Paul’s legislative triumph was Public Law 111-76, which provided for the transfer of federal property to the Galveston Historical Foundation. Big whoop.
Only the most simplistic analysis counts the number of bills a legislator or a Congress passes and uses that to determine whether the legislator or the Congress is any good. The ideal number of bills might be zero, for goodness sake.
It’s not just obscure chat forums using that measure, though. Here’s NPR using bill counts as a proxy for congressional success, for example.
Congress has passed few bills this year, but you can’t say Congress is good or bad for that. You can say it’s bad for failing to budget and pass the annual spending bills on time, for passing short-term bills that deny the public the ability to plan, and for many other reasons. We do a lot of carping here about that stuff.
But let’s go with that proxy for legislative goodness, because Ron Paul isn’t the only federal legislator vying in Iowa for the Republican nomination. There’s also Michelle Bachman. And she has passed … zero laws during her service in Congress.

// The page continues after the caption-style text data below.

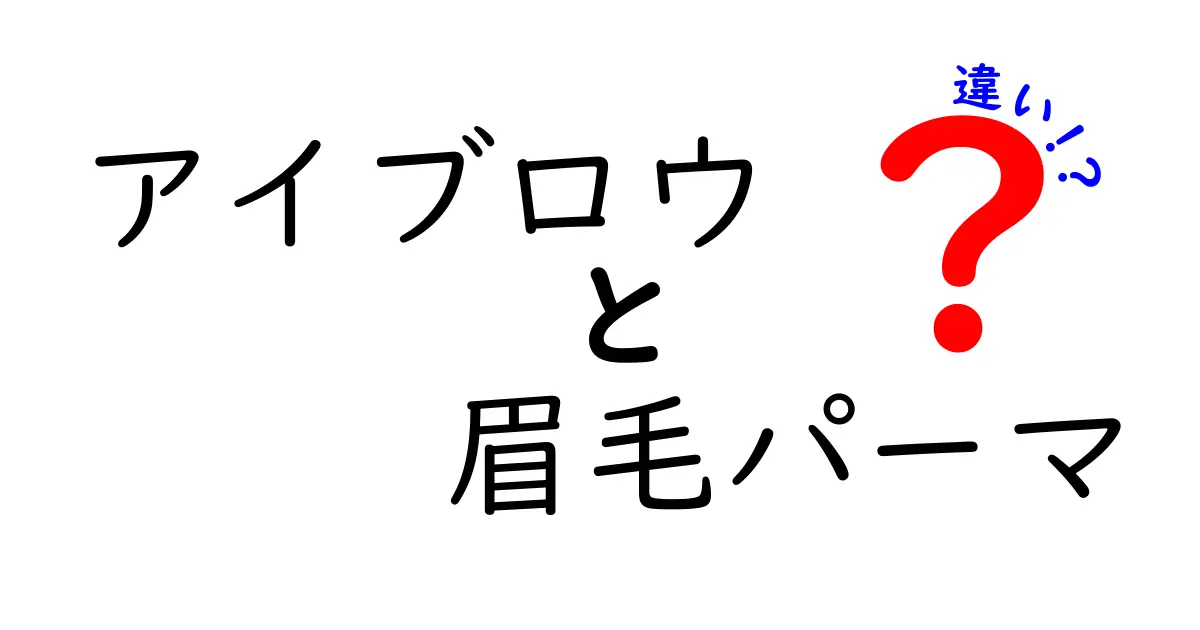 アイブロウと眉毛パーマの違いを徹底解説！あなたに合った眉毛ケアはどっち？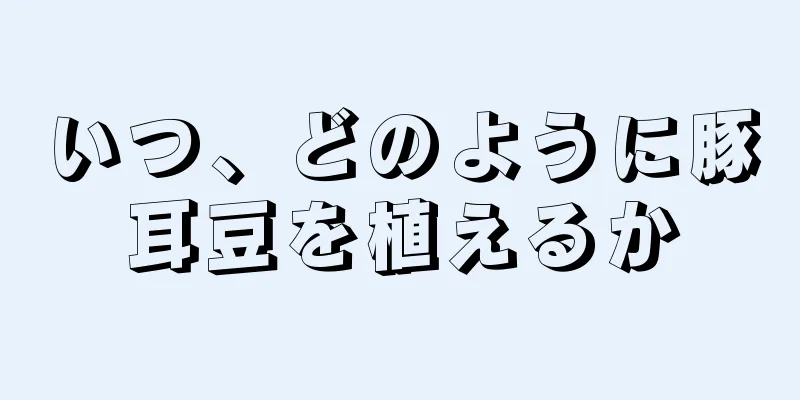 いつ、どのように豚耳豆を植えるか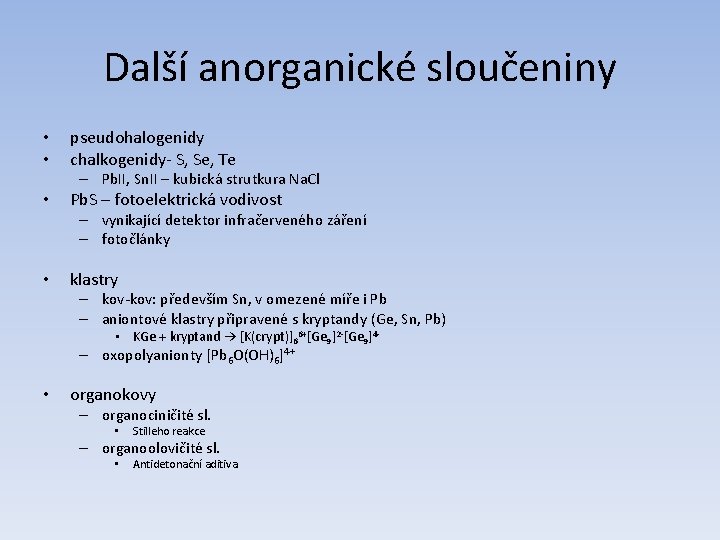 Další anorganické sloučeniny • • pseudohalogenidy chalkogenidy- S, Se, Te – Pb. II, Sn.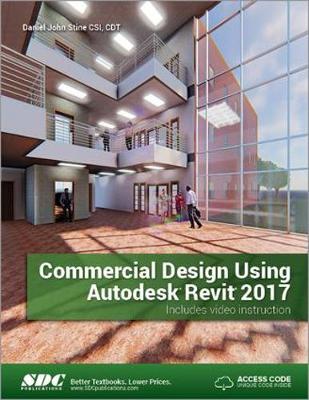 Book cover for Commercial Design Using Autodesk Revit 2017 (Including unique access code)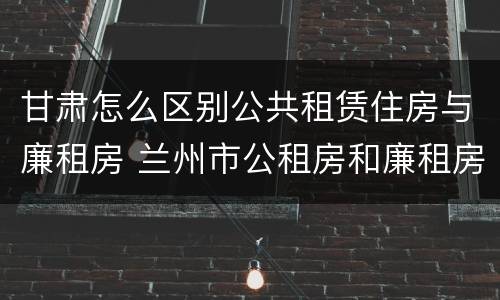 甘肃怎么区别公共租赁住房与廉租房 兰州市公租房和廉租房的区别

She has a few non-binding resolutions that she has gotten through. In the last Congress, Bachman passed H. Res. 373, expressing the House’s support for designation of the month of September as “National Hydrocephalus Awareness Month.”
In the 110th Congress, she passed two other non-binding resolutions: H. Res. 789, honoring public child welfare agencies, nonprofit organizations and private entities providing services for foster children, and H. Res. 923, recognizing the State of Minnesota’s 150th anniversary.
(Sorry, no links. We didn’t cover these non-binding, largely ceremonial bills back then. We do now, not because they’re important but because you should get to see how your members of Congress spend their time.)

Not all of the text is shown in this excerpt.